This tool is a GNN architecture for the evaluation of similarity relationships drawn by a disambiguation algorithm. The evaluation is performed in terms of percentage (0% bad similarity relationship, 100% correct similarity relationships) of similarity relationships created by the FDup framework (see https://peerj.com/articles/cs-1058/). The code presents the use case of Author Name Disambiguation. The input dataset contains publications and authors as extracted from the OpenAIRE Graph (https://graph.openaire.eu/). The publications have been processed using a custom LDA model on the abstract and Authors have been extracted by each one of them to create a new entity with attributes inherited by the publication itself (e.g. a new author is identified by the publication identifier, the LDA topics vector of his publication, and the co-authors in the same publication). The deduplication of such authors is based on a preliminary LNFI (Last Name First Initial) clustering stage to limit the number of comparisons, followed by a decision tree on their attributes. Two authors are considered to be equivalent if they share at least 2 co-authors and/or they have a cosine similarity between the LDA topic vectors greater than 0.5. Once the similarity relationships have been drawn, a pre-trained BERT model was used to extract 768-sized feature vectors from the abstracts.

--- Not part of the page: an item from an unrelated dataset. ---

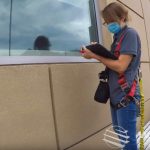 Restoration Consultant Erika Green makes notes on an iPad as she examines a building facade from a swing stage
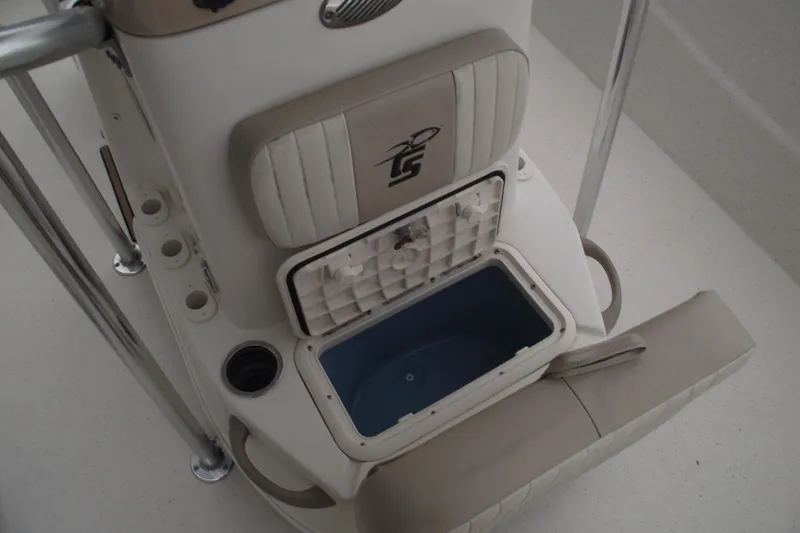 Slide: The Image of 2016 Carolina Skiff 198 DLV boat interior with open storage compartment. - 11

The code presents a promising architecture based on a metapath attention module, 4 GraphSAGE-based node embedding methods to extract embeddings by 4 different metapath graphs, and a final edge scorer based on two linear layers. The best model results in ~88% of accuracy on the test set.
The entire code in this release has been developed using PyTorch (https://pytorch.org/) and the DGL library for Graph Neural Networks (https://www.dgl.ai/), while results of the experiments have been visualized using Tensorboard (https://www.tensorflow.org/tensorboard).
pip install -r requirements.txt
cd src
python training_edge_scorer.py